Peridynamic fracture analysis of film–substrate systems

Abstract

When subjected to mechanical, thermal, or other loads, film–substrate systems may undergo complex cracking behaviors, which encompass film and substrate cracking, interfacial debonding, and their combinations, exhibiting rich fracture patterns, such as three-dimensional helical cracks. Identifying the mechanisms underlying these fracture phenomena may lead to more advanced strategies for technologically significant applications. In this paper, we develop an interfacial cohesive peridynamic method for fracture analysis of multiple-phase materials. Particularly, we focus on the modeling of coupled film cracking and interfacial debonding in film–substrate systems. By introducing cohesive interfacial bonds to describe the mechanical properties of the interfaces and adopting a displacement-based cohesive failure criterion, the model is able to predict the critical condition and path of interfacial crack propagation. The robustness of the interfacial cohesive peridynamic method is validated through a series of representative examples.
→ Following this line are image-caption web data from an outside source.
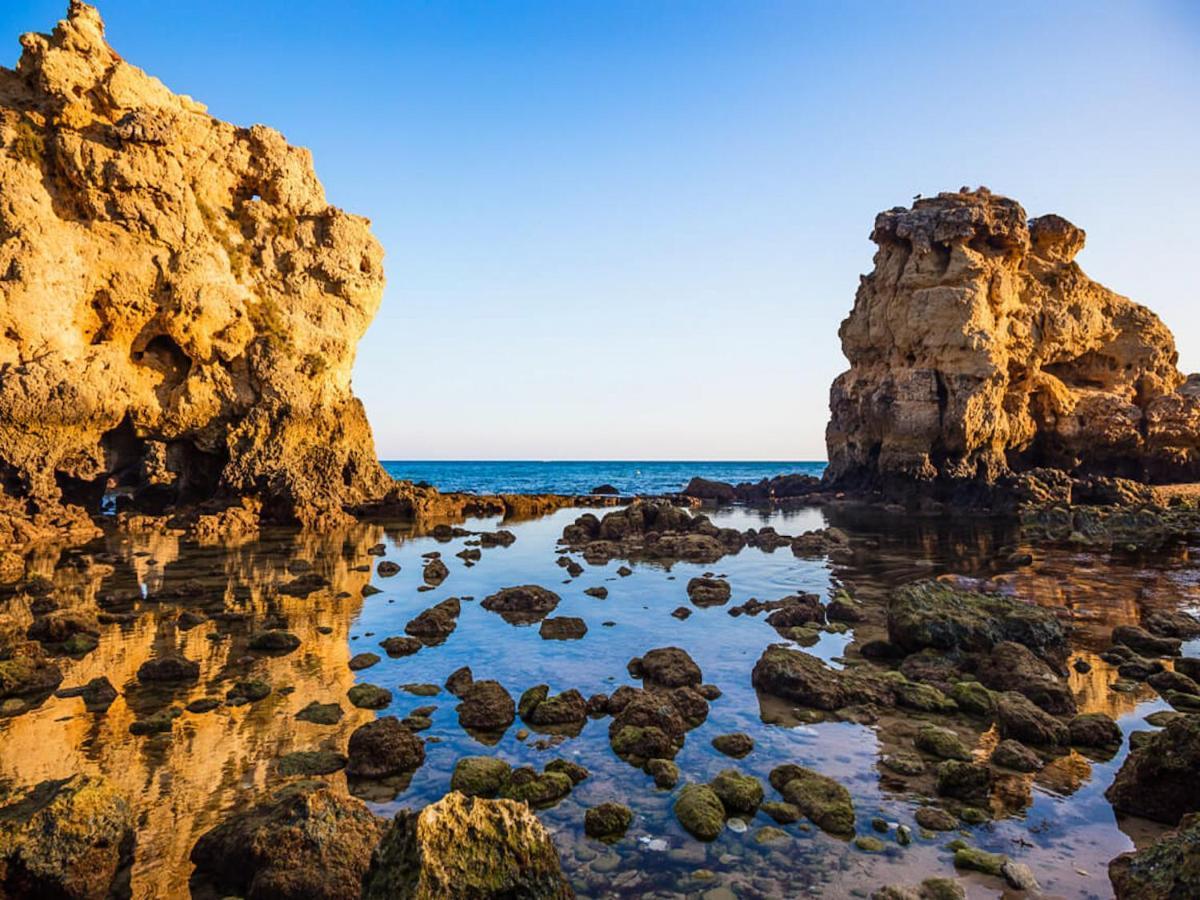 Luxury Apart Wstunning Sea Views, Walk Beach Albufeira Eksteriør billede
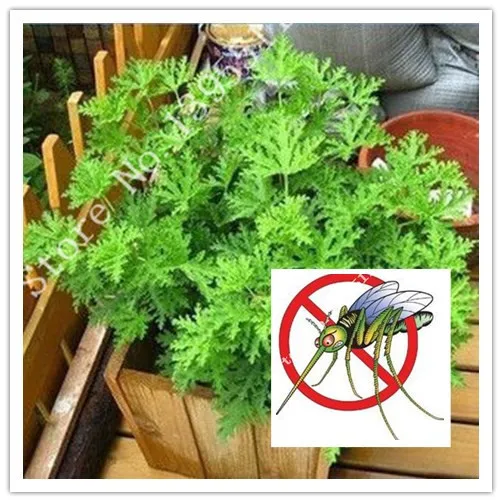 

100pcs - Mosquito Repelling Grass Mozzie Buster Sweetgrass.Garden Home Bonsai Plant.Easy planting Free Shipping Indoor Plant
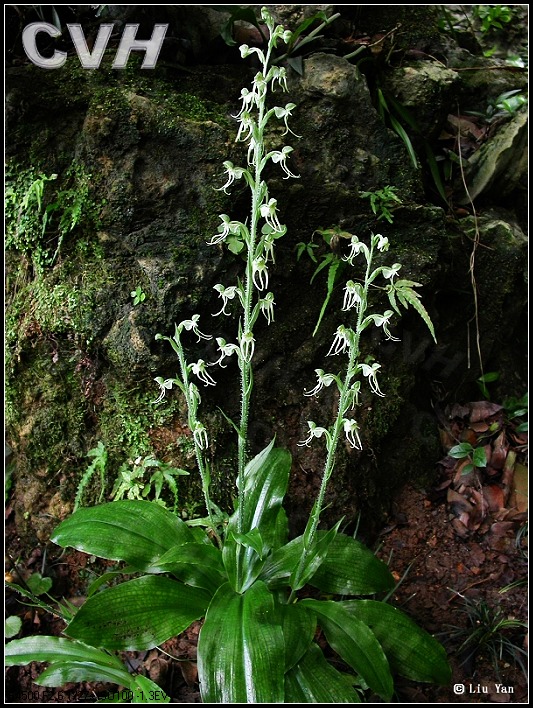  p>玉凤兰学名 a href="#" data-lemmaid="10174589">毛葶玉凤花 /a>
We also demonstrate its efficacy in simulating three-dimensional cracks and identify the essential role of the interfacial energy release rate in controlling the cracking mode transition from a restricted pattern to a helical pattern. The numerical predictions of cracking paths and stress distributions agree well with the previous experimental results. This study provides a valuable tool for analyzing different cracking patterns in film–substrate systems and composite materials.